There is bliss in this mess / There is madness all around,” Daniel Rossen utters in “Golden Mile,” off his first solo EP Silent Hour/Golden Mile. There is bliss with twangy acoustic guitar plucks that brighten the slow-treading melancholic piano riffs, while the tiers of symphonic instruments create an intricate madness.
Throughout most of the songs, Rossen sits on a fulcrum, dipping between the classical — with horns, violins and choir-backed harmonies — and the alternative with electro guitar flecks. “Return to Form” marries ’60s guitar streaks reminiscent of The Beatles circa Sergeant Pepper, and trickling Persian santur sounds.

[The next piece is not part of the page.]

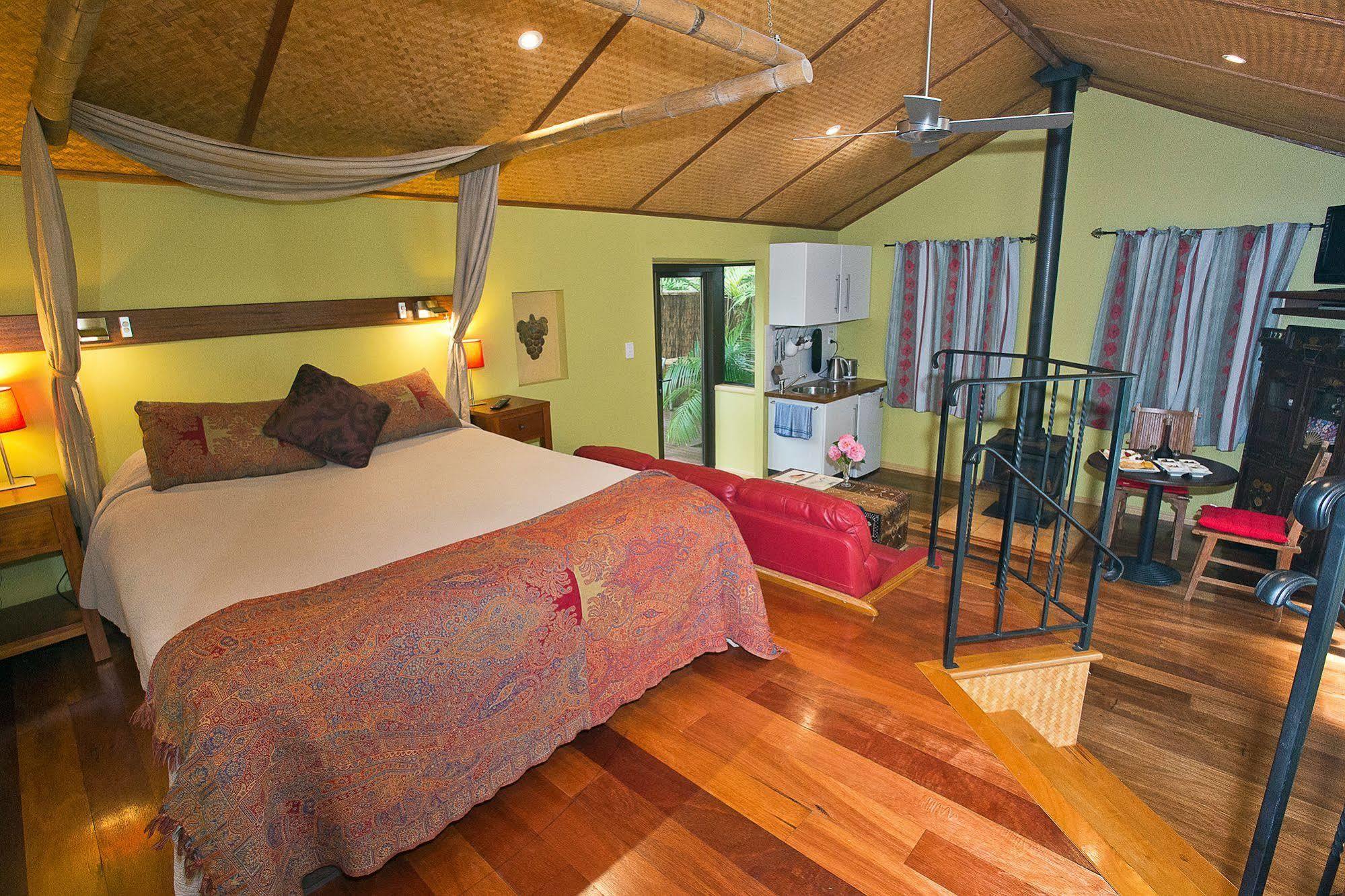 Witches Falls Cottages ภูเขาแทมโบรีน ภายนอก รูปภาพ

Rossen’s effortless vocals dangle under falsettos and fray at the ends of his notes to create a gritty texture to the harrowing lyrics. In “Silent Song,” over bluesy guitar blurbs, Rossen conjures chilling imagery about someone “rising from the field” and later mournfully confesses, “If I had a chance to see the friends I’ve loved and lost, I’d pray for their return.”

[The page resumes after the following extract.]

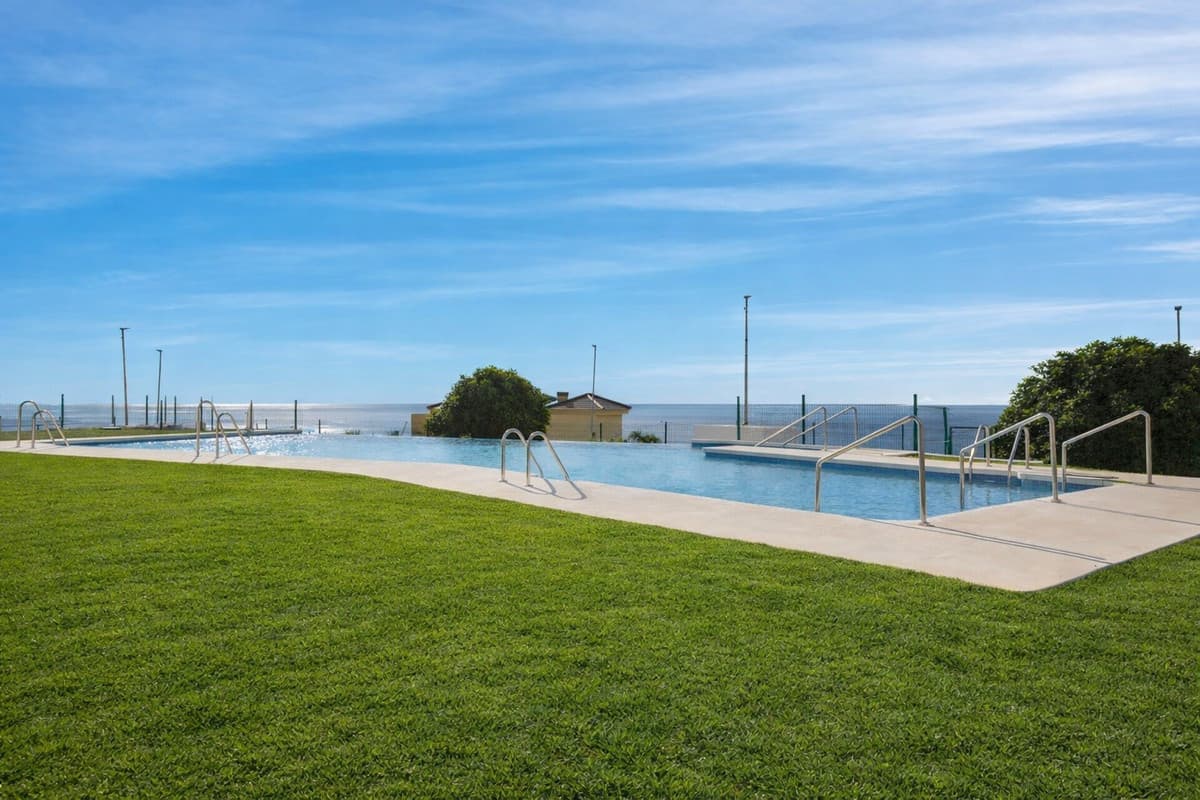 Ground Floor Apartment in Casares — photo 7 of 10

In “Golden Mile,” the listener tumbles on raw banjo-sounding strums and shifting electric guitar undercurrents, only to be cradled by Rossen’s delicate voice at the chorus, and then thrown back out in a torrent of steady violins.
The cover art encapsulates the album’s vibe — a stark image of a canyon wall dipped in a blue hue. The sound is not oppressively somber but the touch of anguish sparks intrigue. Like the rock wall, it is filled with endless crevices and pockets of instruments, tugging the listener back to dissect the dizzying mix again and again.